Wednesday, August 17, 2011

Persistence in Everything Brings Success


Valerie Steimle
 
A new movie hit the theaters last weekend called “The Help”.  The story centers around married women who hired help in their homes during the 1960’s in Mississippi . But that’s not what caught my attention about the story.  What was interesting about this story, which was a best selling book by the way, was that the author, Kathryn Stockett, persisted through 60 rejection notices until she found someone to publish her manuscript. She had labored over three years on this project and sent out 60 letters of inquiry for her book and it was letter number 61 that got her published into the literary world. I applaud her perseverance.
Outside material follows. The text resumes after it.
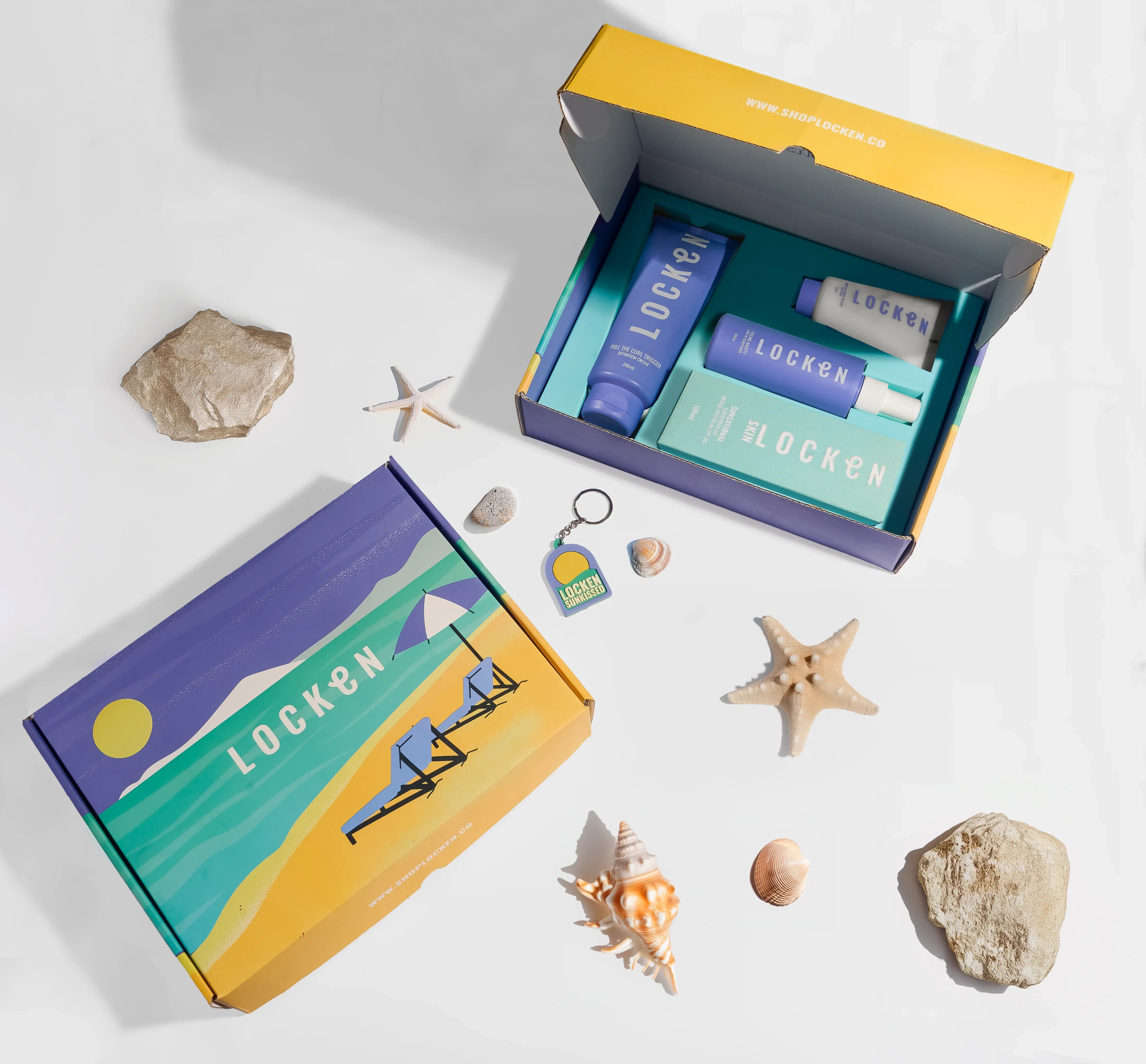 Locken - Sunkissed Summer Box 1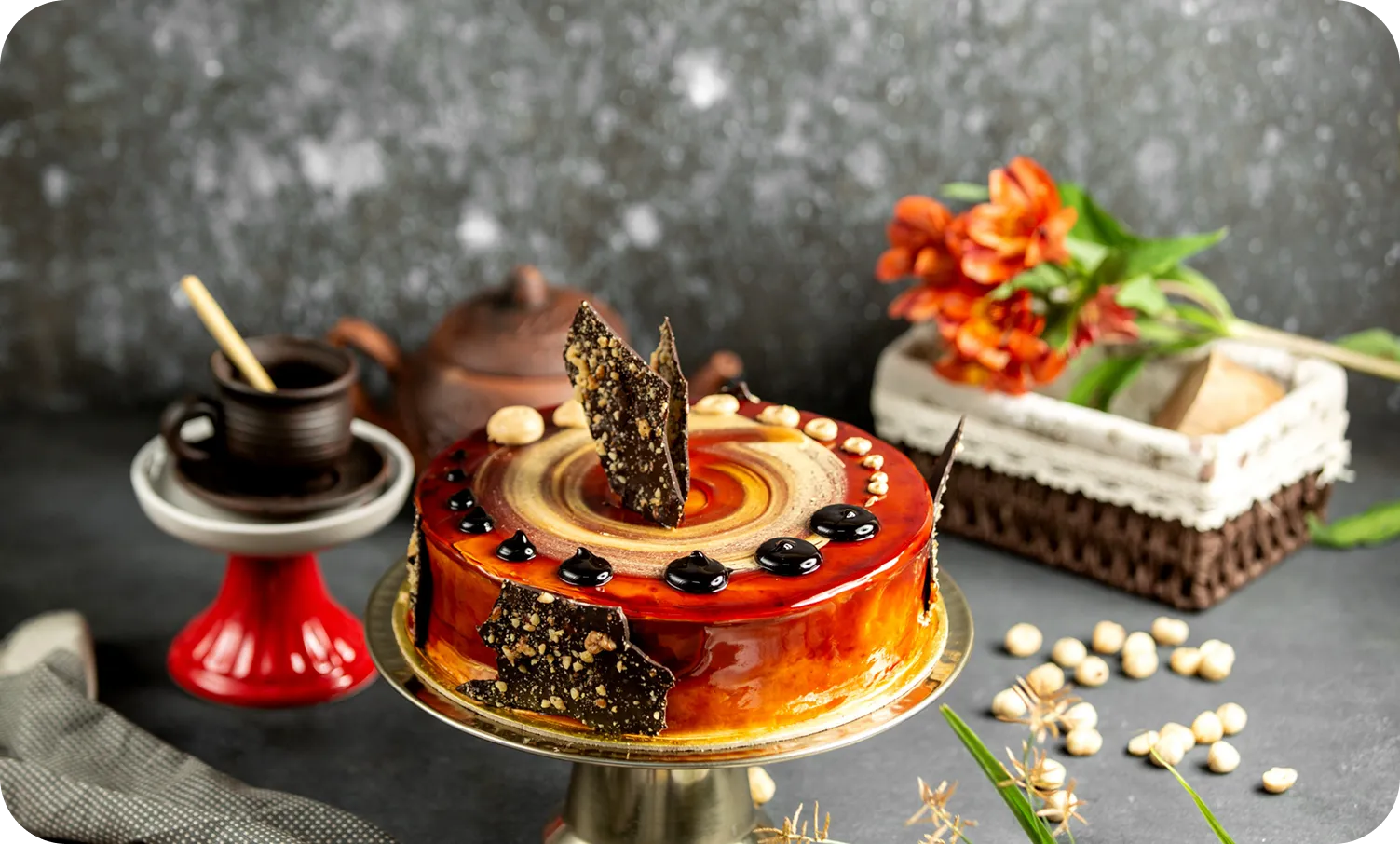 Premium Flavored Cakes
Sheer persistence is difficult to find these days.
 
Endeavoring to do anything worth wile and succeed takes sheer persistence.  Public school starts this week for both Mobile and Baldwin County and our youth need to learn that success in learning takes this kind of fortitude.  It is not always easy to remember everything for a test or be successful in a sport or learn to play a musical instrument successfully but persistently trying over and over again will get results.
 
As in life itself, if we want to be successful at whatever we pursue, it takes practice.  I don’t think the rising generation has understood what it takes to conquer a skill.  With all that is at our fingertips in modern times, persistence is soon forgotten as one of life’s greatest lessons.  I forget that lesson myself sometimes until I have to push to finish a task. Nothing really comes that easy.
 
My daughter was watching the movie Chitty Chitty Bang Bang the other day and one of the songs that isn’t played much from that whole musical score is called The Roses of Success.  The grandpa in the story is kidnapped mistakenly by the King of Bulgaria thinking he was the inventor of this famous car.  When he is thrown into the dungeon of the castle with the other inventors, they sing a song about how with every mistake made in creating something, you come a little closer to success.  From the ashes of disaster, come the roses of success. 
 
I need to play that song sublimely every night before I go to bed so I will remember when I wake up. From the ashes of disaster come the roses of success. It is difficult sometimes to be self motivated but with persistence, success will finally come. So to all those teachers and students starting out a new year of learning, persistence is the key to success. Don’t give up so easily at learning when you don’t get it the first, second or even the third time.  Remember Katherine Stockett took 60 times to get it right.